Because the diagnosis can almost always be made on clinical grounds, skin biopsy is seldom necessary; as a rule, it is reserved for cases that are difficult to diagnose (eg, atypical lesions).


Histologic Findings

On rare occasions when skin biopsy is necessary, histologic findings are similar to those of herpes simplex and varicella. Ballooning degeneration and acantholysis of keratinocytes result in an intraepidermal vesicle. Multinucleated giant cells with accentuation of nuclear material at the periphery of nuclei are characteristic. [78] Underlying leukocytoclastic vasculitis often is a prominent finding and helps differentiate zoster from other herpetic infections.

Lymphocytes may be found in the lower part of the epidermis, accompanied by a combination of spongiosis and vacuolar alteration. The papillary dermis is often edematous. Extravasated erythrocytes in variable numbers are a common finding. A brisk lymphocytic infiltrate is present in the upper dermis.

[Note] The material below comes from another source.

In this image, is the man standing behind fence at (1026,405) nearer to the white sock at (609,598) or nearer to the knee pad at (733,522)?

Some of these lymphocytes may have large and polygonal nuclei. They are dense, perivascular, and sparse interstitial, superficial, and deep collections, sometimes assuming a patchy, lichenoid pattern. The lymphocytes may be prominent in and around adnexal structures, often peppering follicles, sebaceous glands, and eccrine glands.

Neutrophils and nuclear dust are occasionally seen; eosinophils are rare.

Conventional microscopy is routinely used to confirm infection by herpesviruses, though on occasion, PCR assay may then be used to demonstrate herpesvirus-specific DNA.